20/9/2014 23:59
RIA Novosti

Analysis & Opinion

DEVELOPMENT OF THE CASHLESS PAYMENT SYSTEM IN RUSSIA

15:19 22/04/2005

MOSCOW. (RIA Novosti economic commentator Nina Kulikova). The Russian plastic card market emerged just 10-15 years ago, but is growing very rapidly.

The Central Bank reported that by the end of 2004 there were about 35 million bankcards in circulation in Russia, an increase of 46.3% in comparison with the beginning of the year. In the last twelve months the value of plastic card transactions increased by about 57%, from 363.4 billion rubles to 570.5 billion rubles.

Like many other sectors of the Russian economy, the cashless payment market is developing in a different way in Russia than in other countries. In the West, the first payment cards were credit cards. But in Russia, when plastic cards were first being introduced, general economic instability and a lack of confidence in financial institutions meant there was no point offering the population credit cards, because people simply did not want to keep their money in bank accounts.

As a result, the development of the cashless payment system began with wage projects, whereby organizations stopped paying their employees in cash and began paying their wages into bankcard accounts instead. Even now, most Russians use debit cards rather than credit cards, so they cannot withdraw more money than they earn. They do not use their cards to make payments, but instead use them to withdraw cash from ATMs. Moreover, even although the total number of cards in circulation has increased in the last few years, there has not been a corresponding increase in the number of people using plastic cards to pay for goods and services. In 2001, card payments accounted for about 15.3% of the total number of transactions, in 2002 - nearly 15.2%, in 2003 - about 12.9%, and in 2004 - 14.9%. In European countries, card payments account for 50% of all transactions.

Nevertheless, credit projects are under way in Russia, albeit within the context of consumer lending. It is much easier to obtain a credit card than it was two or three years ago, as banks do not demand to see as many documents as before.
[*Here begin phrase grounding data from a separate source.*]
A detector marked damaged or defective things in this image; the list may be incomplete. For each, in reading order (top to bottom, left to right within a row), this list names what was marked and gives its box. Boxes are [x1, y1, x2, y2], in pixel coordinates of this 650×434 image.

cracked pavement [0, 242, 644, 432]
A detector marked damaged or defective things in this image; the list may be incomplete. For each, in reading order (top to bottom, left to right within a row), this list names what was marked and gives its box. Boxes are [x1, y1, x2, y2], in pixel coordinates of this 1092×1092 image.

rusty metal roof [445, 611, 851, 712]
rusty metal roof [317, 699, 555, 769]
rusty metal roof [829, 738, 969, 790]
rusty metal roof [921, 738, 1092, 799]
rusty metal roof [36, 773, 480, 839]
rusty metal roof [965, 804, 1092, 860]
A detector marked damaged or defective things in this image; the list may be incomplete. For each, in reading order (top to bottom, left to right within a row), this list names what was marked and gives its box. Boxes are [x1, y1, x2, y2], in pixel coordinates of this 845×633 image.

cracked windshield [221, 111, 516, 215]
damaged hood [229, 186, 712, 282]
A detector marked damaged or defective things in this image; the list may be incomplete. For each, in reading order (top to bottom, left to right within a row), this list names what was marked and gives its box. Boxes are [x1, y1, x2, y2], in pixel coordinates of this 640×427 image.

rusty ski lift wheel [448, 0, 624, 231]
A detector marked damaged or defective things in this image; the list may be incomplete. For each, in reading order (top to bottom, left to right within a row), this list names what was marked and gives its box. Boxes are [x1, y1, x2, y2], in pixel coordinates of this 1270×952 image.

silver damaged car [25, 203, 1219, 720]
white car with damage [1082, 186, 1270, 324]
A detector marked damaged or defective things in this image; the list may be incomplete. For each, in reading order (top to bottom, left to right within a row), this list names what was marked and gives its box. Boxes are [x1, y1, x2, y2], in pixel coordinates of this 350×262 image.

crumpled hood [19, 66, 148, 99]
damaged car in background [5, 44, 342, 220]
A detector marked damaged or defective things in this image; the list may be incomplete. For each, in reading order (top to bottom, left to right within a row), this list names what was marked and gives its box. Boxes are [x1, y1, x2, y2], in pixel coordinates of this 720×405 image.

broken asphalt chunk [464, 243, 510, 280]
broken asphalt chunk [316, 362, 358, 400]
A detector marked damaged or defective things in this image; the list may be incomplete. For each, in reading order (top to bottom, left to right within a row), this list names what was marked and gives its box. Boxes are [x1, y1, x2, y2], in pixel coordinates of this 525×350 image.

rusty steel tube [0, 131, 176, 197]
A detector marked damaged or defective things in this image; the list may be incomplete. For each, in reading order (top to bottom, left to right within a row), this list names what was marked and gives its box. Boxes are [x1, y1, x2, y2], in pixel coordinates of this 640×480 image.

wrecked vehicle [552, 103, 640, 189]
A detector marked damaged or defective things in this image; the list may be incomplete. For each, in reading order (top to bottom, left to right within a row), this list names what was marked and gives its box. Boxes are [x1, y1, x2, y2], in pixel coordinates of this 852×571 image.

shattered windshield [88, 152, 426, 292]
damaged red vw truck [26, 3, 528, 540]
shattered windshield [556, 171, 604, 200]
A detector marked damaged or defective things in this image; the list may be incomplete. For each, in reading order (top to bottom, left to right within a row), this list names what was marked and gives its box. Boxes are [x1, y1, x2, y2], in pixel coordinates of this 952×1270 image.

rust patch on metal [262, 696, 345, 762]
However, because Russia does not have a Credit History Bureau and the credit rating system is underdeveloped, banks prefer to only issue credit cards to their regular clients.

There are two types of credit cards in Russia today: overdraft and revolving. Overdraft cards require the balance to be repaid in full within a certain period of time (usually a month), and then the credit line is restored. Revolving cards allow the cardholder to repay the balance in installments, and continue to use the remaining credit line. Overdraft cards appeared early on the Russian market of cashless settlements (they were issued in small numbers, mostly to exclusive clients), whereas revolver cards appeared only recently. Delta Bank and Russian Standard Bank are the leading players in the revolving card market, while Sberbank is the leader when it comes to overdraft cards.

There are a number of reasons why card payments have yet to really take off in Russia. Firstly, there are not that many cardholders: only 13.1% of the Russian population owns a bankcard. Cardholders mostly live in urban areas and have higher than average incomes. The largest number of bankcards can be found in Moscow and the Moscow region (11.27 million), followed by St. Petersburg (2.56 million), the Tyumen region (1.78 million) and the Sverdlovsk region (1.46 million).

The Russian mindset is another obstacle. The Western culture of living on credit is yet to develop in Russia and it is not known how long it will take for attitudes to change.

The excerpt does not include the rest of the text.